The case, Rothstein v. GMAC Mortgage, LLC, is one of many involving force-placed hazard insurance. Under the terms of most home mortgage loans, a borrower is required to maintain hazard insurance on the mortgaged property. If the borrower allows the policy to lapse, the lender typically has the right to purchase such insurance at the borrowers’ expense.
A spate of cases has been filed in the last few years alleging various improprieties in connection with force-placed insurance, including that the lender wrongly purchased backdated coverage, or that it purchased more coverage than it needed to, or that the insurer paid kickbacks to the lender as an inducement to purchase the insurance. The plaintiffs in the Rothstein case made allegations like this, asserting claims under RICO and the Real Estate Settlement Procedures Act.
The defendants in Rothstein moved to dismiss the plaintiffs’ claims in part on the grounds that they were challenging the reasonableness of the rates the insurer charged for the force-placed insurance. Because these rates were approved by state regulators, the defendants argued that the filed rate doctrine barred the plaintiffs’ claims.
The court rejected this argument. Although the insurer’s rates were filed with and approved by insurance regulators, the insurer did not charge those rates directly to the plaintiffs. Instead, the insurer charged the lender, who passed the cost on to the plaintiffs. The court held that this “secondary billing” of the rates defeated the filed rate doctrine.

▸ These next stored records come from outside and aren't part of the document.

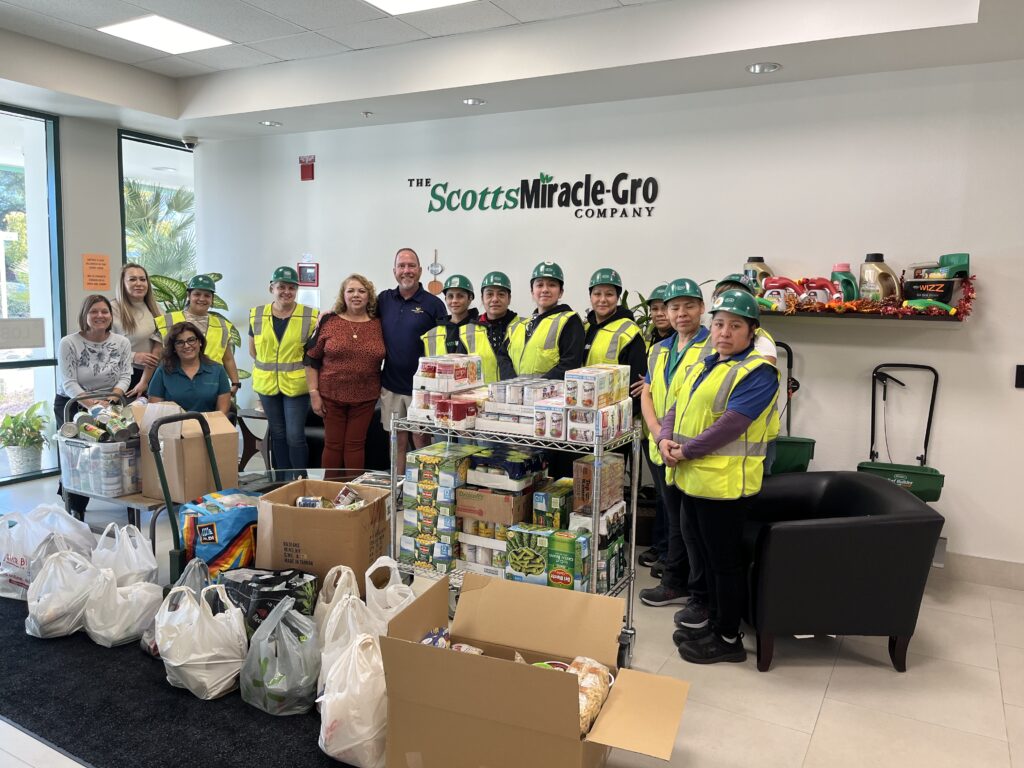 Group of people standing in a lobby surrounded by packages of food to be donated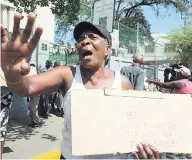  ?? FILE ?? A Tivoli Gardens resident protests deaths from the police-military assault of 2010. Here, she and scores of others marched on Gordon House on May 27, 2014, in their bid to deliver a letter to then Prime Minister Portia Simpson Miller.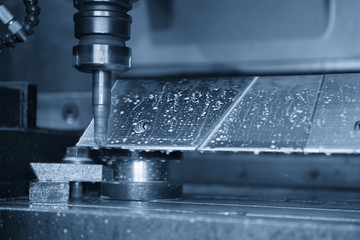 The CNC milling machine cutting the aluminum automotive part with the solid ball endmill in the light blue scene.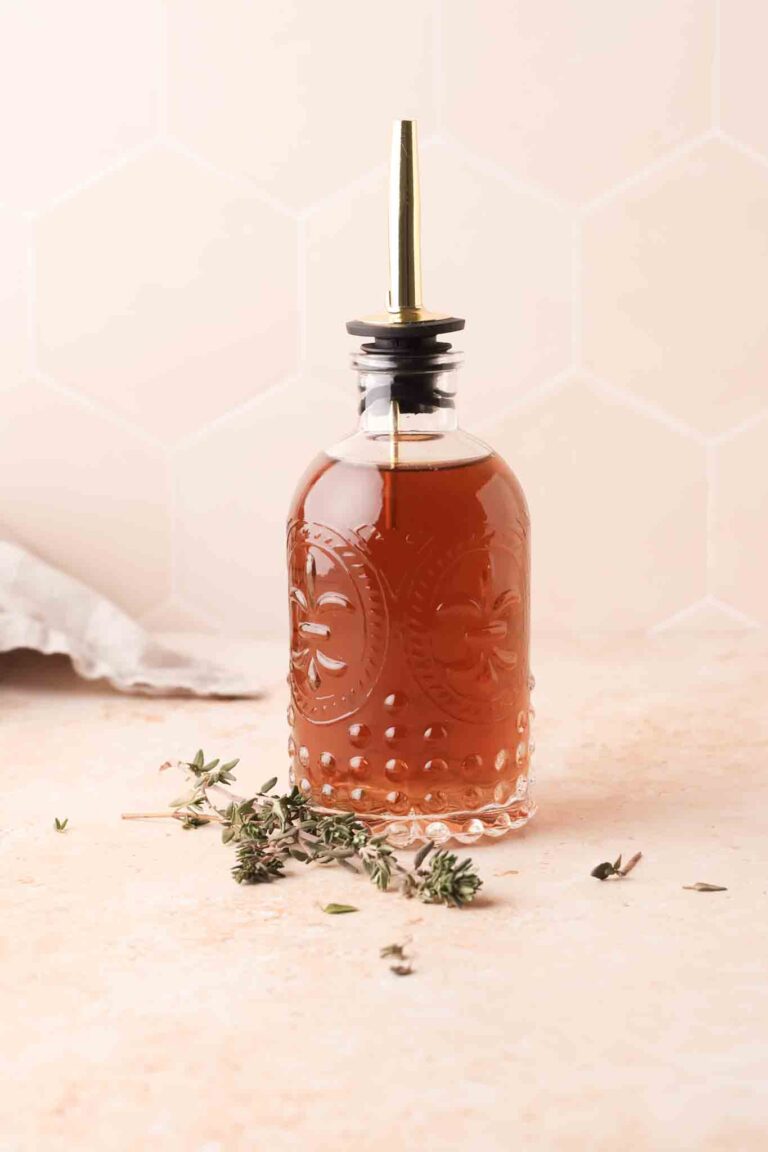 thyme simple syrup in a bottle set on a table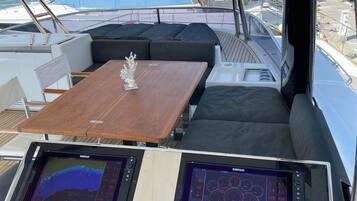 Le pont d’un yacht, avec une table en bois, des sièges rembourrés et deux écrans de navigation Simrad.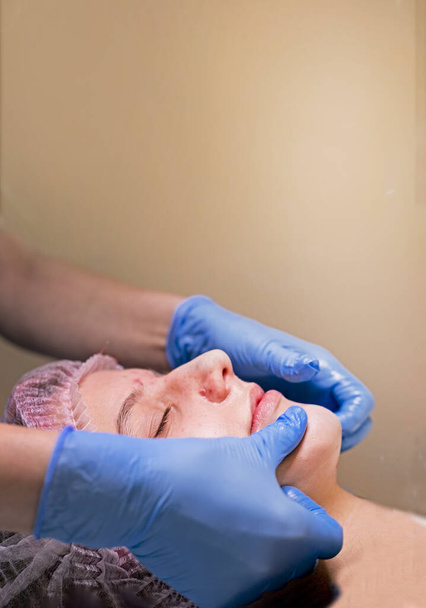 primer plano haciendo masaje facial con aceites esenciales a una adolescente en un salón de spa. vertical - Foto, imagen
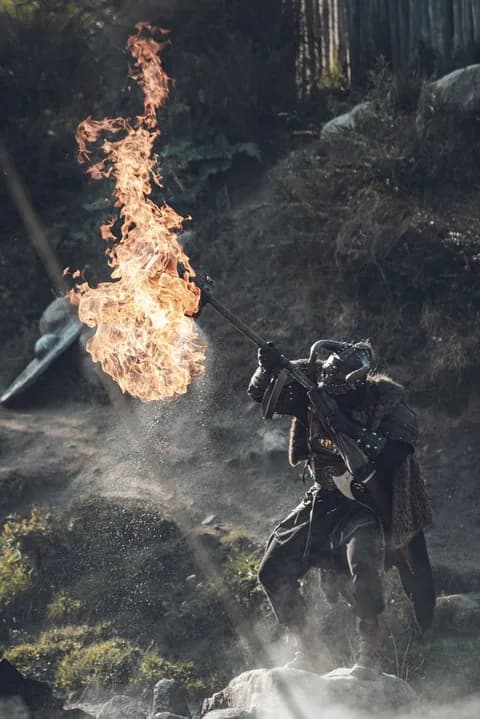 Viking warrior creating large flame with fire shooting weapon outdoors. PNG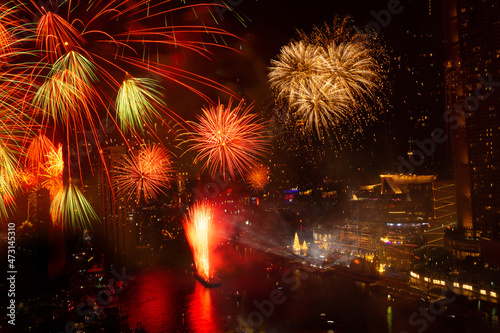 Fireworks lit up in the New Year's festival are scattered across the sky at midnight in a variety of colors in the middle of the Chao Phraya River, Thailand.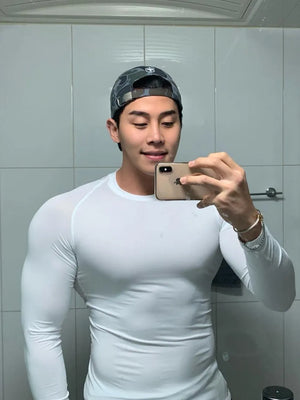 White performance long sleeve tee with crew neck, form-fitting cut.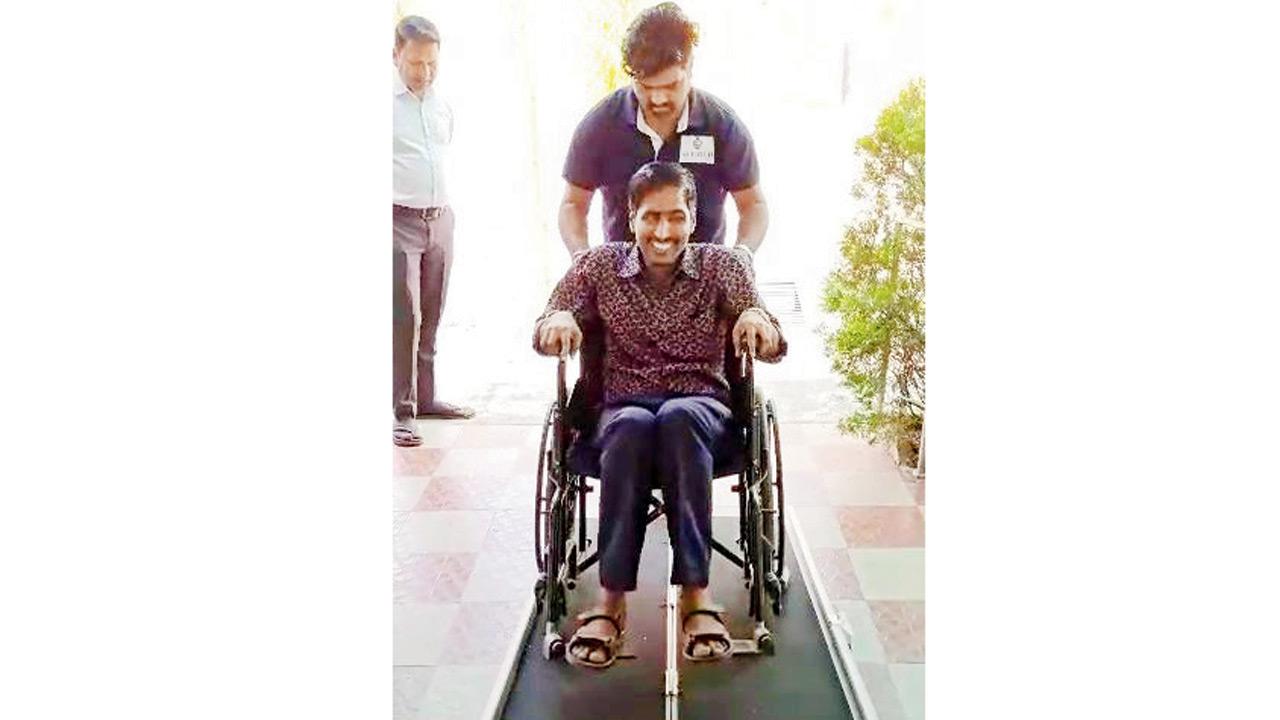 A differently abled individual tests the new ramp at the Mumbra school.  PIC COURTESY/RRajesh Patil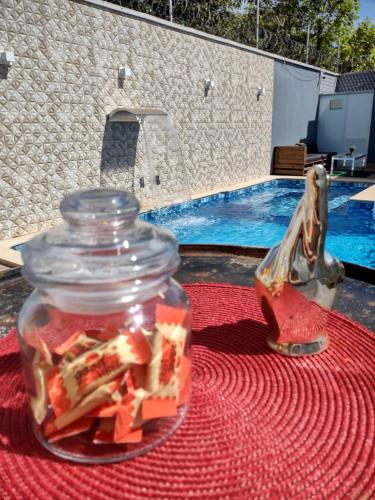 a jar of food sitting on a table next to a pool at Casa com Piscina e 3 Quartos Climatizados 8km do Centro in Palmas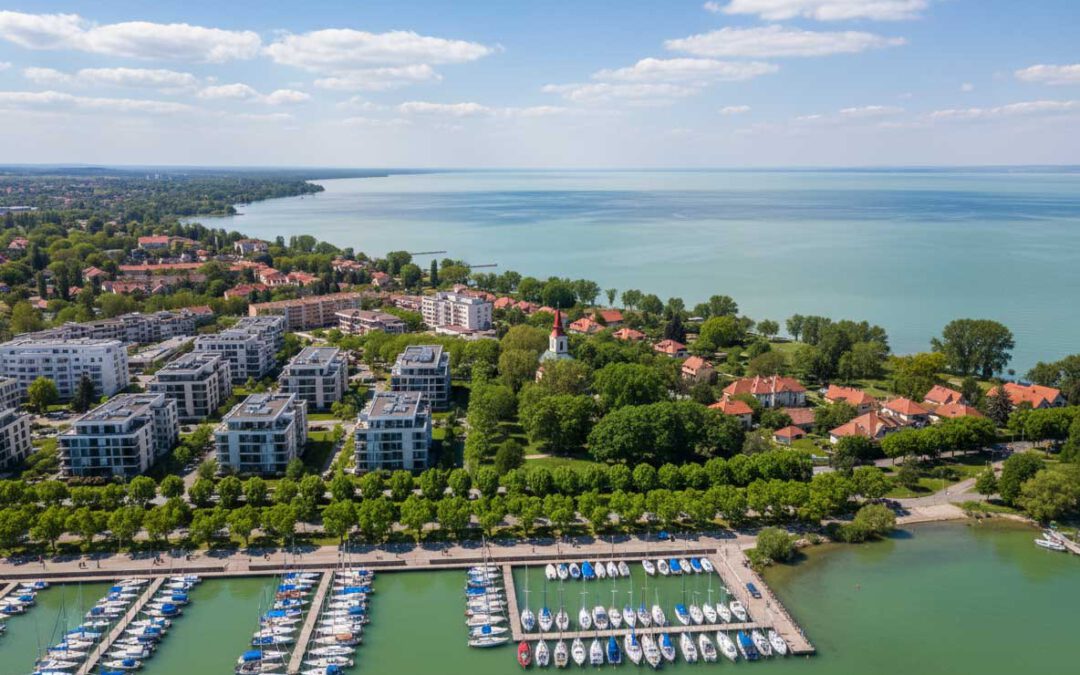 Blick auf den Yachthafen, die moderne Uferpromenade und die roten Dächer der Stadt am Balaton, eingebettet in grüne Bäume und blaues Wasser unter klarem Sommerhimmel.
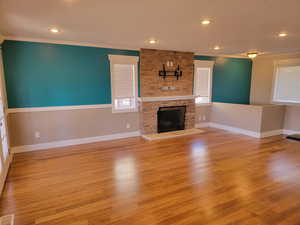 Unfurnished living room with crown molding, a fireplace, baseboards, wood finished floors, and recessed lighting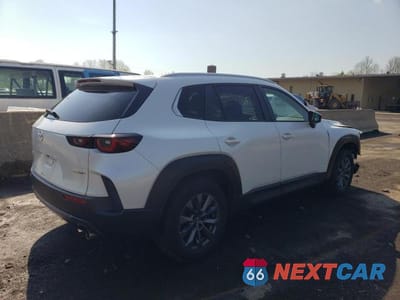 Trzecie zdjęcie samochodu z tyłu: 2023 MAZDA CX-50 PREFERRED PLUS VIN:7MMVABCM5PN146288 - miniatura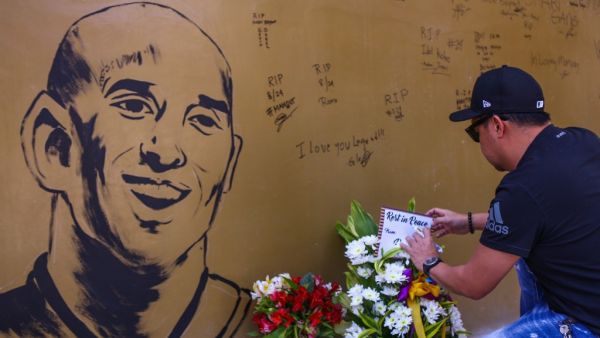 A fan places flowers to mourn former Los Angeles Lakers basketball player Kobe Bryant following his death overnight in the US, near the "House of Kobe" gym built in honour of his 2016 visit to the Philippines, in Manila on January 27, 2020. Maria TAN / AFP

The motivation for such a “secondary billing” exception to the filed rate doctrine is less than clear. The filed rate doctrine is based on the principle that courts should not second guess the reasonableness of rates approved by an expert administrative agency. That rationale is not diminished simply because the insured has passed on the cost to its customers. Moreover, if the insured does not pass the cost of the insurance directly on to its customers, it presumably will have to charge more for some other service or product to make up the difference. That outcome does not appear to be any better for the customers, yet that is precisely the result the court’s ruling in Rothstein incentivizes.